I have no formal fight training, but I appreciate that training teaches discipline. Kids who learn self-control are more likely to stay out of fights than kids who don’t. A few months ago, I became interested in Verbal Judo, as espoused by the late English professor-turned-cop George “Rhino” Thompson. In short, Verbal Judo teaches you to maintain a professional face, to deflect verbal abuse with language that defuses conflict and elicits cooperation from others. I’ve found Thompson’s strategies more effective than just instinctively speaking my mind.
Before I discovered Verbal Judo, I had more than ten years experience moderating discussion lists. In the heyday of discussion lists, most communication over the Internet was written, from e-mail to instant messages. While the cloak of cyberspace can make people bolder than they are in person, and moderators especially can latch onto the feeling of power, writing has always calmed me and helped me think logically. I don't lord over members of my lists. I start discussion and step back once things are rolling.

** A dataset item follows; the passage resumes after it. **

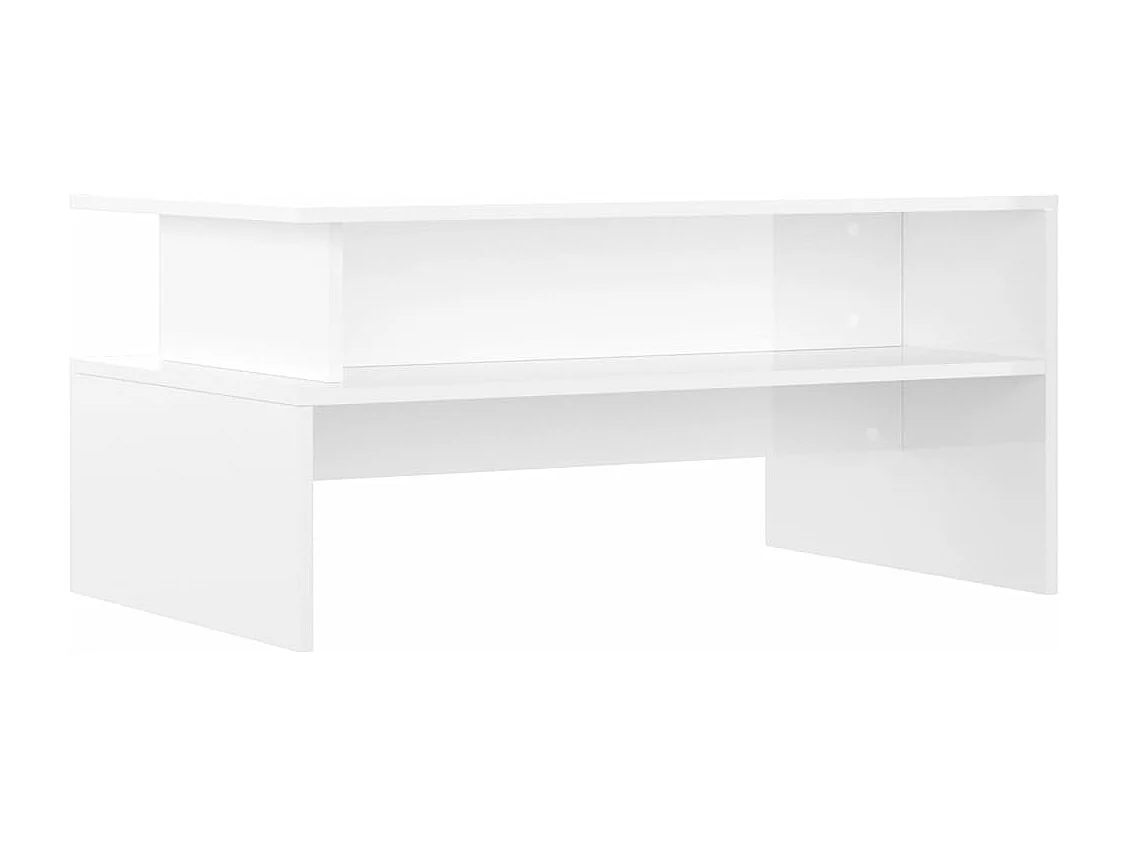 Mesa de centro 90x55x42,5 cm derivados madeira branco brilhante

In 2008, I was elected president of the Short Mystery Fiction Society, a list of more than a thousand members, the most vocal of whom were strong personalities, sometimes making it difficult for different voices to be heard. I came in with a plan in writing to address what I saw as the most prevalent problems. This was met with backlash as the members felt I was forcing policy down their throats, even as my plan was open to discussion/group vote.

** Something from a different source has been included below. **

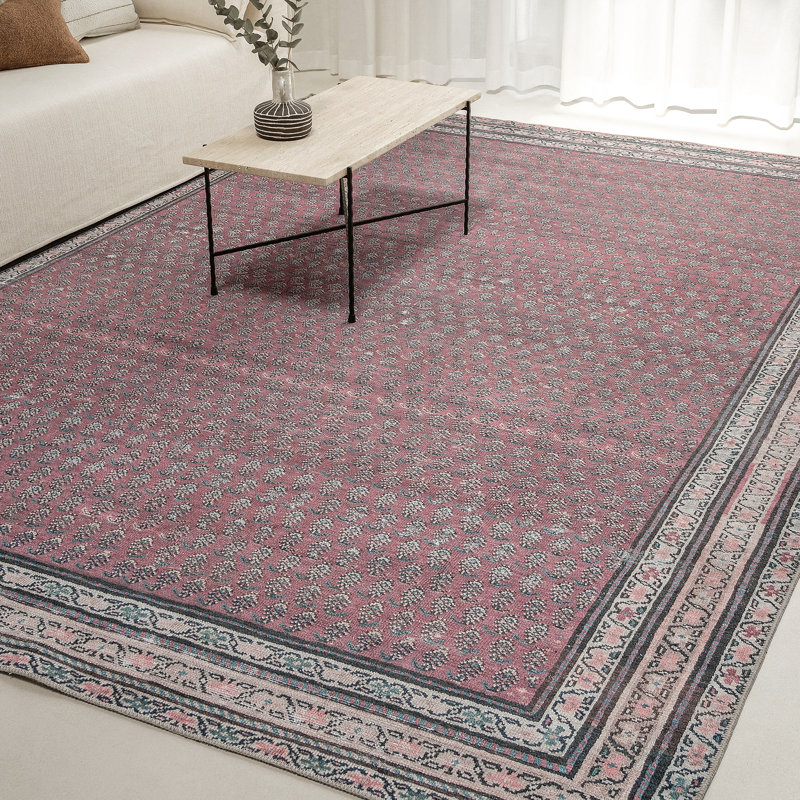 Tapis d'inspiration rétro Carlton, 10 pi x 14 pi | Style rétro, design d'inspiration héritage, design persan, palette rouille et gris anthracite, tissage plat dense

In the end, I solved the problem of list discipline by stepping back. I realized, with such a large list, it was impractical to step in as the arbiter of all disputes. Instead, I recommended that the individual members take responsibility for their behavior, including behavior that might lead to disputes. I would later learn that raising people's expectations of themselves is one of the goals of Verbal Judo.
I stepped down in 2010, after one term, though many members wanted me to run again. I didn't see what else I could do for the group. New ideas were needed, and I knew the truest test of what I accomplished would come after my time in office.